Certified Deductive Reasoning with Language Models

Language models often achieve higher accuracy when reasoning step-by-step in complex tasks. However, even when arriving at a correct final answer, their rationales are often logically unsound or inconsistent. This is a major issue when reliable reasoning traces are needed, such when fine-tuning on model-generated reasoning for self-improvement. To tackle these issues, we introduce a class of tools for language models called \emph{guides}, that use state and incremental constraints to guide generation. A guide can be invoked by the model to constrain its own generation to a set of valid statements given by the tool. In turn, the model's choices can change the guide's state. We show how a general system for logical reasoning can be used as a guide, which we call \textsc{LogicGuide}. Given a reasoning problem in natural language, a model can formalize its assumptions for \textsc{LogicGuide} and guarantee that its step-by-step reasoning is sound. In experiments on PrOntoQA, ProofWriter and Syllogism Validity datasets, \textsc{LogicGuide} significantly improves the performance of GPT-3, GPT-3.5 Turbo and LLaMA (accuracy gains up to 35\%), while drastically reducing \emph{content effects} -- the interference between unwanted prior assumptions and reasoning, which humans and language models suffer from. We then explore bootstrapping GPT-3.5 Turbo and LLaMA using their own reasoning traces. We find that LogicGuide is critical: by training only on certified self-generated reasoning, models can self-improve, avoiding learning from their own hallucinations. Moreover, bootstrapped models enjoy significant boosts on ReClor, a challenging real-world reasoning dataset, even when not relying on formalization at inference time.

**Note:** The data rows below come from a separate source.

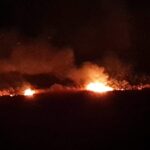Incendiu de vegetație uscată pe Valea Portului din Constanța: Pompierii intervin la fața locului 3 a luat foc vegetatia uscata de pe valea portului din constanta pompierii intervin la fata locului 68754a8ed6977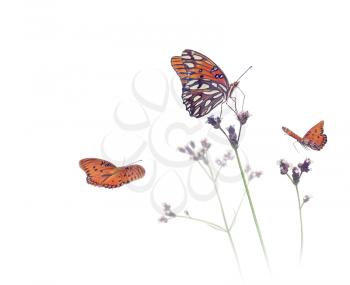 Gulf Fritillary butterflies in a meadow on white background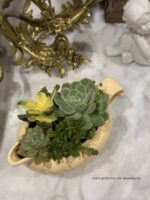 Composition végétale de plantes succulentes avec un pot en céramique jaune Longchamps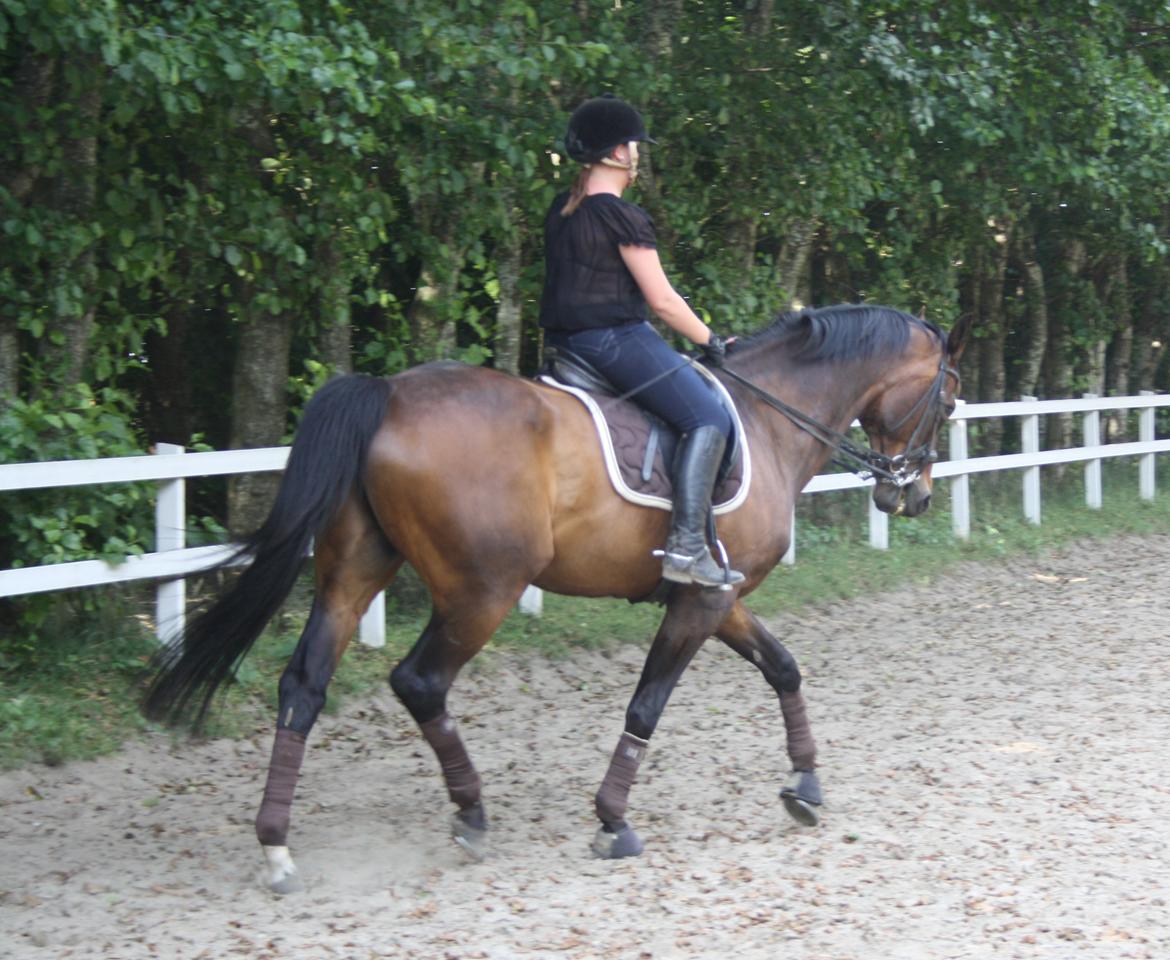 Hollandsk Varmblod Paledo ¤KWPN¤ billede 6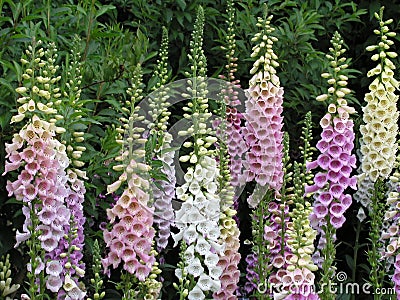 Foxglove flowers Stock Photo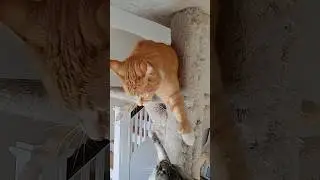 SURPRISE from Below: Epic Cat Warfare #catshorts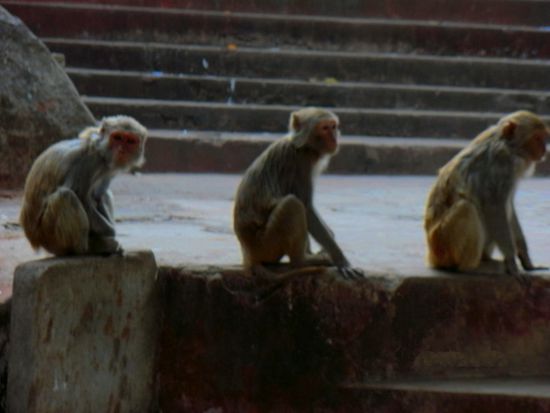 Äffchen auf dem Mount Popa...wenn die was zu Futtern in Euren Taschen vermuten, ist sie weg- also aufpassen.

翻译：语言模型在复杂任务中通过逐步推理常能取得更高准确率，但其推理过程往往存在逻辑不严谨或不一致的问题——即使最终答案正确，这一缺陷在需要可靠推理轨迹的场景（如基于模型自生成推理进行自我改进的微调）中尤为突出。为解决这些问题，我们提出一类名为"引导器"（guides）的语言模型工具，通过状态约束与增量约束引导生成过程。模型可主动调用引导器，将自身生成内容约束在工具提供的有效陈述集合内；同时，模型的选择也能改变引导器的状态。我们展示了如何将通用逻辑推理系统（称为LogicGuide）作为引导器：针对自然语言描述的推理问题，模型可为LogicGuide形式化其假设，从而保证逐步推理的严密性。在PrOntoQA、ProofWriter与Syllogism Validity数据集上的实验表明，LogicGuide显著提升了GPT-3、GPT-3.5 Turbo及LLaMA的性能（准确率最高提升35%），同时大幅削弱了人类与语言模型共有的"内容效应"——即非预期先验假设对推理的干扰。我们进一步探索了利用GPT-3.5 Turbo与LLaMA自身推理轨迹进行自举训练的方法，发现LogicGuide至关重要：仅基于经过认证的自生成推理进行训练，模型即可实现自我改进，避免从自身幻觉中学习。此外，经过自举训练的模型在挑战性现实推理数据集ReClor上取得了显著性能提升，即使推理时不依赖形式化约束也表现优异。